Nokia 9 PureView im Test

Gleich fünf Kameras sollen beim Nokia 9 PureView für tolle Fotos sorgen. Als Clou lässt sich der Fokuspunkt nachträglich ändern. Ob die Features das Smartphone zum neuen Foto-Champion machen, zeigt unser Test.

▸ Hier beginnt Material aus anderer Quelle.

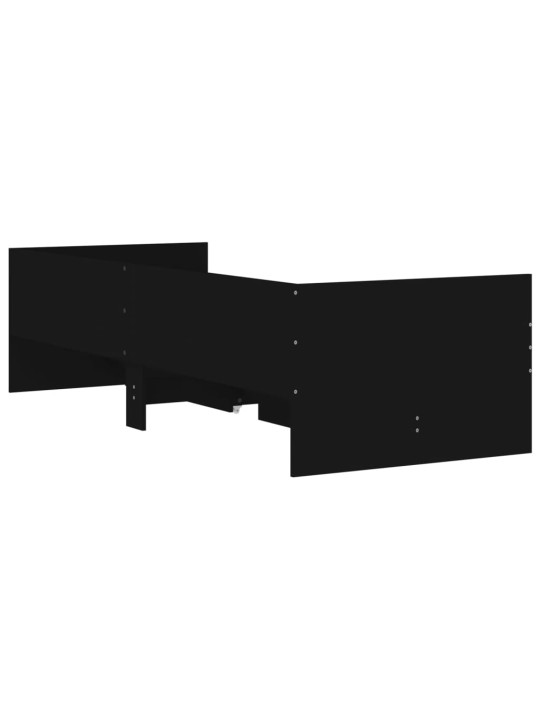 Gultas rāmis ar atvilktnēm, melns, 100x200 cm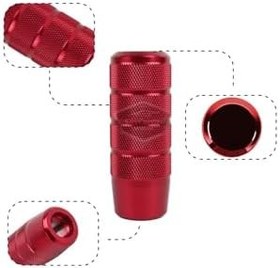 Resim Üniversal 9.5 cm JDM Metal Spor Görünümlü Vites Topuzu Aparatlı Alüminyum Alaşım Otomatik-Manuel Yarış Vites Kolu Kırmızı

Die Fachwelt hat mit dem Nokia 9 noch letztes Jahr gerechnet, auf den Markt gekommen ist das neue Top-Smartphone von HMD Global letztendlich erst vor wenigen Wochen. Der Grund ist die spezielle 5-fach-Kamera, deren Implementierung länger gedauert hat als gedacht. Daher merkt man sowohl optisch als auch von der technischen Ausstattung her, dass der „Newcomer“ – im Vergleich zum Mitbewerb – nicht ganz taufrisch ist.

Konservatives Design

Kamera-Einkerbungen, abgerundete Kanten oder extraschmale Ränder findet man beim Nokia 9 nicht. Die Aufmachung wirkt eher konservativ, ansehnlich ist das Smartphone dennoch. Die Verarbeitung ist sauber – was man jedoch schon nach kurzer Benutzung von der glänzenden Rückseite nicht behaupten kann, denn sie zieht Fingerabdrücke an. Der knapp 6 Zoll große, bei Bedarf sehr helle OLED-Bildschirm liefert kräftige Farben und guten Kontrast. Der Fingerabdrucksensor arbeitet optisch und ist im Bildschirm eingebaut. Er war im Test etwas langsamer als der ebenfalls optisch arbeitende Sensor im Huawei P30 Pro, entsperrte das Handy aber ähnlich zuverlässig.
Immer noch gute Technik

Beim Prozessor bedient sich HMD Global – durch die Verzögerung bedingt – bei Qualcomms Top-CPU aus dem Vorjahr, dem Snapdragon 845. In der Praxis fällt das nicht negativ auf, da auch das 2018er-Modell eine flüssige, ruckelfreie Bedienung sicherstellt. Ebenfalls positiv für die Performance ist das weitgehend unveränderte Android 9, welches hier zum Einsatz kommt. Der 3.320 mAh große Akku, der sich kabellos laden lässt, hielt im Test bei durchschnittlicher Nutzung rund eineinhalb Tage. Bei moderater Nutzung kommt man auch über den zweiten Tag. Auf Kopfhöreranschlüsse wurde beim neuen Flaggschiff verzichtet.

Fünffach-Kamera

Kommen wir zur wichtigsten Funktion: der Kamera – oder besser gesagt den Kameras, von denen es auf der Rückseite gleich fünf gibt. Zwei haben einen Farbsensor, drei einen Schwarz-Weiß-Sensor. Größe und Auflösung sind gleich. Beim Auslösen knipsen die fünf Kameras gleichzeitig fünf Bilder, die anschließend zu einem HDR-Foto verrechnet werden. Diese Mehrfachaufnahme ermöglicht es, den Fokus nachträglich zu ändern, außerdem soll für einen höheren Dynamikumfang gesorgt und bei geringer Helligkeit genug Licht eingefangen werden. Videos profitieren übrigens nicht von den fünf Kameras, da nur mit einer davon gefilmt wird.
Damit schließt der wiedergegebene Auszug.